As such, we argue that the 500% of wealth to GDP ratio is primarily due to inflated asset prices as a result of accommodative monetary policy. The link between changes in money supply and national income and wealth are very well documented by Professor Tim Congdon in his video “Can monetary policy became ‘exhausted’?”.

Another way to think about wealth-to-GDP is to change wealth for capital and GDP for output. By doing that we arrive at the capital-to-output ratio first expressed by Paul Douglas and Charles Cobb in the 1920s: a capital-to-output ratio of 500% means that in order to produce $1 of output, the economy requires $5 of capital (up from the long-term norm of $3.8).
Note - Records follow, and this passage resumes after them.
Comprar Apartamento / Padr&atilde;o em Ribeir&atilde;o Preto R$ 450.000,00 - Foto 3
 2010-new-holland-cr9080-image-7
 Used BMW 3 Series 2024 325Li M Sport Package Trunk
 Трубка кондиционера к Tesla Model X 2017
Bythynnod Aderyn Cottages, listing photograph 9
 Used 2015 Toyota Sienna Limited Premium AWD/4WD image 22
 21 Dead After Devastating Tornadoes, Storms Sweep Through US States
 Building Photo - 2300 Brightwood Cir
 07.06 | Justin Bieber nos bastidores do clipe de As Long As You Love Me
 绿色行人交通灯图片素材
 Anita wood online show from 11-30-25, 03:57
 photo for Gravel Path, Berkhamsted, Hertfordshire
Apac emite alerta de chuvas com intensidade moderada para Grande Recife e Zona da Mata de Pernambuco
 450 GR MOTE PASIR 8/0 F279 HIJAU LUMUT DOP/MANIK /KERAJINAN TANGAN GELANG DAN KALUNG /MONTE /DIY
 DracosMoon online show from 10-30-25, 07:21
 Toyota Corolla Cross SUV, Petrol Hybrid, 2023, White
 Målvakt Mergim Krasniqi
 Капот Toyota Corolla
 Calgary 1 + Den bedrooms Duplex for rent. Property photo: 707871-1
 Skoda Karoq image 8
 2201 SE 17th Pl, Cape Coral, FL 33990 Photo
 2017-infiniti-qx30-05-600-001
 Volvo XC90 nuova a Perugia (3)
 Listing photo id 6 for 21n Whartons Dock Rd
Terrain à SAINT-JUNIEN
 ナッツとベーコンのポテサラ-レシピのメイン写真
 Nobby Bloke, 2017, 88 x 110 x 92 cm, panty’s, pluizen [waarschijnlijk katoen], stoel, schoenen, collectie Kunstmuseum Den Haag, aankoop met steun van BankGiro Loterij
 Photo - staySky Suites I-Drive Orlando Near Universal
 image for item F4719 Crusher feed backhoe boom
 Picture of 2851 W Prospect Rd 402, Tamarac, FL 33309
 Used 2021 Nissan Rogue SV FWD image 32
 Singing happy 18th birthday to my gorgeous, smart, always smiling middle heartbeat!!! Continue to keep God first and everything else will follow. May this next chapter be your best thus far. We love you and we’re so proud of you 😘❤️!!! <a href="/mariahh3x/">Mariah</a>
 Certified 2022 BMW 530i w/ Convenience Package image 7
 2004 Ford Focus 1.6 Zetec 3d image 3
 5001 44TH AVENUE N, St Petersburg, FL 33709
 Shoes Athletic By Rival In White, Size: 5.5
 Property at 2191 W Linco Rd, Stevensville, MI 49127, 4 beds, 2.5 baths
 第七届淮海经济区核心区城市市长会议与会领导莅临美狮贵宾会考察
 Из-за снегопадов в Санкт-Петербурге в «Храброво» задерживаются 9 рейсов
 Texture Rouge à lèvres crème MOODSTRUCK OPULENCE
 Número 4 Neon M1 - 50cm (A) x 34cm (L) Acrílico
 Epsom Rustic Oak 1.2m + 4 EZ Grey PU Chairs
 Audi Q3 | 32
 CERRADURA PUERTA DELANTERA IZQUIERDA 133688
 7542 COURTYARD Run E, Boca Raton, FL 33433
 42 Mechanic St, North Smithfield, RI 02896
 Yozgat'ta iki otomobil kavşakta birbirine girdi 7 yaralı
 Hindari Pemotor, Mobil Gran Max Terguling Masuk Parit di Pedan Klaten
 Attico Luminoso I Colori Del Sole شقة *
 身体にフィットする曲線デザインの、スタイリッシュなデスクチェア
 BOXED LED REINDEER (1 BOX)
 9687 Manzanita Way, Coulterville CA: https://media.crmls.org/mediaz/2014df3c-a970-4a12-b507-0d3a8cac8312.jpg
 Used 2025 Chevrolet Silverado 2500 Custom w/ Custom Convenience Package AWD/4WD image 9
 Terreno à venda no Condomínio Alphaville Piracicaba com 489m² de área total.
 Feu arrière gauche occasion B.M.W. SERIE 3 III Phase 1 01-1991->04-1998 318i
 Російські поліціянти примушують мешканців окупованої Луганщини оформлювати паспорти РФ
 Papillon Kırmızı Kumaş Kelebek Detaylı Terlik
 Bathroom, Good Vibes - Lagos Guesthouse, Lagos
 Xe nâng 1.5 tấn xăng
This is another sign of weak productivity caused by capital misallocation.

The situation is more worrying when we consider the massive underinvestment gap which the MacroStrategy Partnership estimates to be about $400 trillion globally (or about 5 years of global GDP) – this is the amount of money that is needed to take GDP growth back to levels seen in 1950s and 1960s.

Easy monetary policy coupled with underinvestment means that economic growth is supported by debt and, when this debt will no longer be sustainable, capital consumption will required to sustain GDP growth in absence of a boost in productivity. In time, if these conditions are allowed to prevail, they will cause GDP not only to slow but to eventually turn negative. 

We are now living under an illusion of prosperity – too many economic actors are focused on short-term consumption and have become accustomed to cheap debt funding. 

Indeed, we have many goods around us that we can buy; but what about their utility? What about the costs in making these goods? Have they paid for themselves? An economy with chronically low productivity, depended on low interest rates to serve a titanic amount of debt and with a labour force that has taken home less pay over the years would suggest that the answer the these questions is a clear “No”.  

The unrest in France, which is spreading to Belgium and the Netherlands are the latest signs that the economic system is no longer delivering for people – the first indications of this were Brexit and the election of Donald Trump. We believe that tensions will only increase from here until the large amounts of misallocated capital are cleared. 

What does it mean to investors?

No imbalance can prevail forever – sooner or later the system will correct it, either proactively, i.e. through political and economic action or forcefully, i.e. through social unrest, forced debt restructuring and abrupt changes in political leadership.

There are many factors at play that can see a correction of economic imbalances in a chaotic manner. That said, investors can hedge against these events.